Action item: Look below for the line that has "बिलासपुर सदर: पूर्व". Set down the lines from there through the line that has "Die gemischten Triebz�ge", exactly as written.

Material provided:
■ ■ ■ ■ ■ ■ ■

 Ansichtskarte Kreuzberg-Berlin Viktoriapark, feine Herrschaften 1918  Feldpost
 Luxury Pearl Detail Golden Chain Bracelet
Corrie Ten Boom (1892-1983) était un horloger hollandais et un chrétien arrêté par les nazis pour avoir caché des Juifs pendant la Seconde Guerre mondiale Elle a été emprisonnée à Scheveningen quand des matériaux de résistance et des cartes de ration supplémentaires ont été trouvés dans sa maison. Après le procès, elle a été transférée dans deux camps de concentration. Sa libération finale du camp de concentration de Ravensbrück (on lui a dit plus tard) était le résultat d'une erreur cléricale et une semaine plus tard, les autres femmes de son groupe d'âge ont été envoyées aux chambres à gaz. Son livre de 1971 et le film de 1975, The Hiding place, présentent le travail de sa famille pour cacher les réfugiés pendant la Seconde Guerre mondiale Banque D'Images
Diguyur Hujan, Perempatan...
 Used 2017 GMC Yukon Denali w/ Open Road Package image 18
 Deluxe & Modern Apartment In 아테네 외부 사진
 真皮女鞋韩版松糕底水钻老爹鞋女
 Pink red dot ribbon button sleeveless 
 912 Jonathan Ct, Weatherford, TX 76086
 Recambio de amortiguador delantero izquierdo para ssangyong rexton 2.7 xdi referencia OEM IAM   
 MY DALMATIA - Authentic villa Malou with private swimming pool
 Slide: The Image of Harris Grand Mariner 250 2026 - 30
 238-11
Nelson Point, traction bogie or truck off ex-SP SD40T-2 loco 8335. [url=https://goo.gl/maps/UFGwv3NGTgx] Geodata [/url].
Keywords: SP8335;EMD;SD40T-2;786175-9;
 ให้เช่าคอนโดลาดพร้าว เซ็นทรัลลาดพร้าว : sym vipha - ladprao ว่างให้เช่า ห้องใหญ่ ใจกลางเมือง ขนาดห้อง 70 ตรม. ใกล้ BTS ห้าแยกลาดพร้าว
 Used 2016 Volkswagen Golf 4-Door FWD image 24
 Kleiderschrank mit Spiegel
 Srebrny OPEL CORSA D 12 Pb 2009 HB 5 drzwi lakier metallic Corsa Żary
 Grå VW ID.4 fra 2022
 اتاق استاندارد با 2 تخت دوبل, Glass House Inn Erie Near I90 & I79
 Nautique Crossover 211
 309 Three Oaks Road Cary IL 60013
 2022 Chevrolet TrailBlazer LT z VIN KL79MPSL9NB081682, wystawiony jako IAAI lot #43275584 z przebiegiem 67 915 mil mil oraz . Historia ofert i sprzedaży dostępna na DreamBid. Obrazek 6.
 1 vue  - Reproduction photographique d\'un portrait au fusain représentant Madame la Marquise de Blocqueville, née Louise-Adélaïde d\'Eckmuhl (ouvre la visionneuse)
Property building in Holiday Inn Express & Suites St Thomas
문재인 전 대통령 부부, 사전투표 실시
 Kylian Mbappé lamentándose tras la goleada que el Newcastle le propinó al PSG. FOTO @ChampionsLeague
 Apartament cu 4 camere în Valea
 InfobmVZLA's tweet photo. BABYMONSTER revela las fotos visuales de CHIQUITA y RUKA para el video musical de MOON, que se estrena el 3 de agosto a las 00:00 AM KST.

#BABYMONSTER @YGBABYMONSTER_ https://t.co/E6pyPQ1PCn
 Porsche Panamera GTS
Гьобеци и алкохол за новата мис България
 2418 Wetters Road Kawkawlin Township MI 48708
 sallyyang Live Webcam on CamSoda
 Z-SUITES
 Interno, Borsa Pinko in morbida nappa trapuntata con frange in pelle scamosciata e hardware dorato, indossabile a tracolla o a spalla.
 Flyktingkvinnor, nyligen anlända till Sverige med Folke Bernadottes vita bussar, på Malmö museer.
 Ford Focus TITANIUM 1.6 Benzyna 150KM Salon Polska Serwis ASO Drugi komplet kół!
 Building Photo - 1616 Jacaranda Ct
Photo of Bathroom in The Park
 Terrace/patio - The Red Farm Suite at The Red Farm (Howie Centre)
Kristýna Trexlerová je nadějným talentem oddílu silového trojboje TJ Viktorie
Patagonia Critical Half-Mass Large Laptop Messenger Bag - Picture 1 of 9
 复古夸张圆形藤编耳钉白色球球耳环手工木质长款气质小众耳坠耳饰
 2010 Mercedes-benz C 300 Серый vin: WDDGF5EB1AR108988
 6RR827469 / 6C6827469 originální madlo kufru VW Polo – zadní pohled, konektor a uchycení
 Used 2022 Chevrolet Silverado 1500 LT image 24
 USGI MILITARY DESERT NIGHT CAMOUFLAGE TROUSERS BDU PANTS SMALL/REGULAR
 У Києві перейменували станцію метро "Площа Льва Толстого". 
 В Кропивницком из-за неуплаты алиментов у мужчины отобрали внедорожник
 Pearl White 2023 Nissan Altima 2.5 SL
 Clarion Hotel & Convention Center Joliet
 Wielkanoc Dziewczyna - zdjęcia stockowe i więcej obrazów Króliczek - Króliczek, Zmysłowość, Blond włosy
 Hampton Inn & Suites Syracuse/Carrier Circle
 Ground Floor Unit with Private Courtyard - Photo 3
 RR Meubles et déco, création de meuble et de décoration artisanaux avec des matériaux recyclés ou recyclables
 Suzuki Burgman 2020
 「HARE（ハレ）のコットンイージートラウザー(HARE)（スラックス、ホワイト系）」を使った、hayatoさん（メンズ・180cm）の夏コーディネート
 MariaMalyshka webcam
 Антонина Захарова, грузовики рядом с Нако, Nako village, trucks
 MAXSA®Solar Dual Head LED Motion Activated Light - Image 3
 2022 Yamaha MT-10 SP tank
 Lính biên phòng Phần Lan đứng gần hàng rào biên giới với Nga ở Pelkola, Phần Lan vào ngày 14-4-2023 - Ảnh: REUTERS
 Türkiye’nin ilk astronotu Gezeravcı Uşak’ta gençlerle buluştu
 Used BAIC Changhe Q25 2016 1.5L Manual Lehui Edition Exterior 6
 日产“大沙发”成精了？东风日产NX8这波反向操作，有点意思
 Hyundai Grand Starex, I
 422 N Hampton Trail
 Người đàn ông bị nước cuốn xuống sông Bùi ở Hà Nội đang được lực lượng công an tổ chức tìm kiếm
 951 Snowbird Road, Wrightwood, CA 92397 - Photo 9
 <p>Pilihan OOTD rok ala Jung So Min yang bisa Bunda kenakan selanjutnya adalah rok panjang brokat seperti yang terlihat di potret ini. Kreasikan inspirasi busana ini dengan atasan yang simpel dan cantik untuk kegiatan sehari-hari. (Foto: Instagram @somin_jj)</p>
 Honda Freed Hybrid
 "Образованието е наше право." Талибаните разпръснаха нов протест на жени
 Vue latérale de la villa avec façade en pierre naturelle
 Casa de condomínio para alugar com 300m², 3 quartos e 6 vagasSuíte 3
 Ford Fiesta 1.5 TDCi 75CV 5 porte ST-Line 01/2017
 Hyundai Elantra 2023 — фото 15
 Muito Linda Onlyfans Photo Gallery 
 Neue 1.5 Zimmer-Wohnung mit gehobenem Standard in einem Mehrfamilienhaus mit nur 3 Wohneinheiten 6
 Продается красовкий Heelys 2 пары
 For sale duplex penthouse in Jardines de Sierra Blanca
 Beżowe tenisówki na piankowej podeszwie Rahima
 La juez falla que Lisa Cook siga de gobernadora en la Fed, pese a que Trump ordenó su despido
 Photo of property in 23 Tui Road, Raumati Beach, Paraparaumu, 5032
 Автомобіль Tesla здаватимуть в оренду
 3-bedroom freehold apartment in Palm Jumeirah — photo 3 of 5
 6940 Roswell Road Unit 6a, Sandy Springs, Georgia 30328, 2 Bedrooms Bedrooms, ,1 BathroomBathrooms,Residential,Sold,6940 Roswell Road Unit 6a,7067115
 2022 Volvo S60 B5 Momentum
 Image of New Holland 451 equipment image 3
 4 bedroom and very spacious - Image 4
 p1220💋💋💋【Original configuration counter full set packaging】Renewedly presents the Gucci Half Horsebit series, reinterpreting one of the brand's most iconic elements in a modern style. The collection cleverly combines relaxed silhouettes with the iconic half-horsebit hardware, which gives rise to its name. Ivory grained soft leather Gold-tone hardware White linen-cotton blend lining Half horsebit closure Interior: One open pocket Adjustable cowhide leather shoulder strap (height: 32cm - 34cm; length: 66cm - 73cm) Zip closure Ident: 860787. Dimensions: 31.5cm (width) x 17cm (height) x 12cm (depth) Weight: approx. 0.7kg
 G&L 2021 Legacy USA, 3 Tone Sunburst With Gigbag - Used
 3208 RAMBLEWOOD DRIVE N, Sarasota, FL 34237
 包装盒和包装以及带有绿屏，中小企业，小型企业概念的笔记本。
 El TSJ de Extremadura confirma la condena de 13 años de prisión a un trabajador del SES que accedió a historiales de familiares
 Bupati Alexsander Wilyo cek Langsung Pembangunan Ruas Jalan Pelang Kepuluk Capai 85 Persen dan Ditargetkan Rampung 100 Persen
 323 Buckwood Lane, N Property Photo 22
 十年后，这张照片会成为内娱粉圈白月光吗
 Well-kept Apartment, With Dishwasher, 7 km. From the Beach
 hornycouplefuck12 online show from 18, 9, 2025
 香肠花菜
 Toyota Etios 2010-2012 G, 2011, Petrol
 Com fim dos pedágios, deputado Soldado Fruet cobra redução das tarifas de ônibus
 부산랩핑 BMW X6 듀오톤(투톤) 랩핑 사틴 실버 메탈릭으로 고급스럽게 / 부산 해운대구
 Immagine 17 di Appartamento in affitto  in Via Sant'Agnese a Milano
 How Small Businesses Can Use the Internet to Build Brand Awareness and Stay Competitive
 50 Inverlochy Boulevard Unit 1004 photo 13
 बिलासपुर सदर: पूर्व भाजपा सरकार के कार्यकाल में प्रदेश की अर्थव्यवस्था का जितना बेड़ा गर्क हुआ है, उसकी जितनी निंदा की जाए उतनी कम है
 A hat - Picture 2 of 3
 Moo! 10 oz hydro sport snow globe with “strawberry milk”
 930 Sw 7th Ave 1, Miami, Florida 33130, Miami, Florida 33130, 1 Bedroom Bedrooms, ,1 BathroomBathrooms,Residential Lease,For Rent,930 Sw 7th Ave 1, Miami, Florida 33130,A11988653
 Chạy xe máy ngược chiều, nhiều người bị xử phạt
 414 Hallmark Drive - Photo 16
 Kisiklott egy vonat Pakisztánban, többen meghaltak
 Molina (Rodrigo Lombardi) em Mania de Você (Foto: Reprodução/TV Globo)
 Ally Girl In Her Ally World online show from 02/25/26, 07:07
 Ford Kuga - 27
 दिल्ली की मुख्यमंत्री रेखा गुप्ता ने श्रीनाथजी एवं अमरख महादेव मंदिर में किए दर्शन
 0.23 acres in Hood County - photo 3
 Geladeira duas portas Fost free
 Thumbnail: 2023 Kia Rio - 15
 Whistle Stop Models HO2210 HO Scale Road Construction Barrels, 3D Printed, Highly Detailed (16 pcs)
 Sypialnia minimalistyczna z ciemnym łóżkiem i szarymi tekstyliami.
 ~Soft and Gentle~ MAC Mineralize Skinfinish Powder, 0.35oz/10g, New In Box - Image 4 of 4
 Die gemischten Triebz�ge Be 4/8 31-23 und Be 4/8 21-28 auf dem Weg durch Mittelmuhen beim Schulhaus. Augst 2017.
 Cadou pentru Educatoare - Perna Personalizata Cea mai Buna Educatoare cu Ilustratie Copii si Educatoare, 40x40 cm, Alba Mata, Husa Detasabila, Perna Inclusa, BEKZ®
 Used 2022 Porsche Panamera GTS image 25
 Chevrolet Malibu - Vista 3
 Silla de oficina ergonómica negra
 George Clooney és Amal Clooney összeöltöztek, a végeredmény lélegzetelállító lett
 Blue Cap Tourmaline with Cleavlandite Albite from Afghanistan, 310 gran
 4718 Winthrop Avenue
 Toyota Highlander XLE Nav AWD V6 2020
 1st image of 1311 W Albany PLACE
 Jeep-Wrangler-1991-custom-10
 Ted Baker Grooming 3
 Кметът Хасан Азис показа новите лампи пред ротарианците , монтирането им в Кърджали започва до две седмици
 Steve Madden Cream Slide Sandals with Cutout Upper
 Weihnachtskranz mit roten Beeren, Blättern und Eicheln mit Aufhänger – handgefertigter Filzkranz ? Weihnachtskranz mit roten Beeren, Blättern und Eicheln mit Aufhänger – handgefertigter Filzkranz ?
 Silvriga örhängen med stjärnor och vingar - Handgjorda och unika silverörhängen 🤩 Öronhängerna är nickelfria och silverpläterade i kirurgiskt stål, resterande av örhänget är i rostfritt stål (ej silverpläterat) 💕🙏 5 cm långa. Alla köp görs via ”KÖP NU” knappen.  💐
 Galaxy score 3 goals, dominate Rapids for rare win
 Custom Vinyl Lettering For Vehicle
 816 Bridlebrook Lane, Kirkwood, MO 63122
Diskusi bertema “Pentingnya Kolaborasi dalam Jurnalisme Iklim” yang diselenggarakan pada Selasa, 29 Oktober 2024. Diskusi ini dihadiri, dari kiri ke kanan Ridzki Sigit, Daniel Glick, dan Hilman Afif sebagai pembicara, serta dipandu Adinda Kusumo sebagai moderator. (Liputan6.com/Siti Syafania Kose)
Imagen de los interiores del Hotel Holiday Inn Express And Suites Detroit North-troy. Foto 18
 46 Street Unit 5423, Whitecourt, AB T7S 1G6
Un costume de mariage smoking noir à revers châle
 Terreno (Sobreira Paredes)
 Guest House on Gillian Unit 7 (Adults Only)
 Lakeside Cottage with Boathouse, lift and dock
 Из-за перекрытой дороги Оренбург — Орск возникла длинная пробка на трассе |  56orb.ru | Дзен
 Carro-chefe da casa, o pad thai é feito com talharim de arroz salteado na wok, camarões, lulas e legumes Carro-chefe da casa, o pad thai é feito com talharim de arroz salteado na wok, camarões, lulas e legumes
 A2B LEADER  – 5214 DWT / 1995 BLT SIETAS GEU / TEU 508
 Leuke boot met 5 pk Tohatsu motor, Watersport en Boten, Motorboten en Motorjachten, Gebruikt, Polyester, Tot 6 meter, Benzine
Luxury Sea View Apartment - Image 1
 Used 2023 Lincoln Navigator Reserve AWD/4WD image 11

■ ■ ■ ■ ■ ■ ■

Task output:
 बिलासपुर सदर: पूर्व भाजपा सरकार के कार्यकाल में प्रदेश की अर्थव्यवस्था का जितना बेड़ा गर्क हुआ है, उसकी जितनी निंदा की जाए उतनी कम है
 A hat - Picture 2 of 3
 Moo! 10 oz hydro sport snow globe with “strawberry milk”
 930 Sw 7th Ave 1, Miami, Florida 33130, Miami, Florida 33130, 1 Bedroom Bedrooms, ,1 BathroomBathrooms,Residential Lease,For Rent,930 Sw 7th Ave 1, Miami, Florida 33130,A11988653
 Chạy xe máy ngược chiều, nhiều người bị xử phạt
 414 Hallmark Drive - Photo 16
 Kisiklott egy vonat Pakisztánban, többen meghaltak
 Molina (Rodrigo Lombardi) em Mania de Você (Foto: Reprodução/TV Globo)
 Ally Girl In Her Ally World online show from 02/25/26, 07:07
 Ford Kuga - 27
 दिल्ली की मुख्यमंत्री रेखा गुप्ता ने श्रीनाथजी एवं अमरख महादेव मंदिर में किए दर्शन
 0.23 acres in Hood County - photo 3
 Geladeira duas portas Fost free
 Thumbnail: 2023 Kia Rio - 15
 Whistle Stop Models HO2210 HO Scale Road Construction Barrels, 3D Printed, Highly Detailed (16 pcs)
 Sypialnia minimalistyczna z ciemnym łóżkiem i szarymi tekstyliami.
 ~Soft and Gentle~ MAC Mineralize Skinfinish Powder, 0.35oz/10g, New In Box - Image 4 of 4
 Die gemischten Triebz�ge Be 4/8 31-23 und Be 4/8 21-28 auf dem Weg durch Mittelmuhen beim Schulhaus. Augst 2017.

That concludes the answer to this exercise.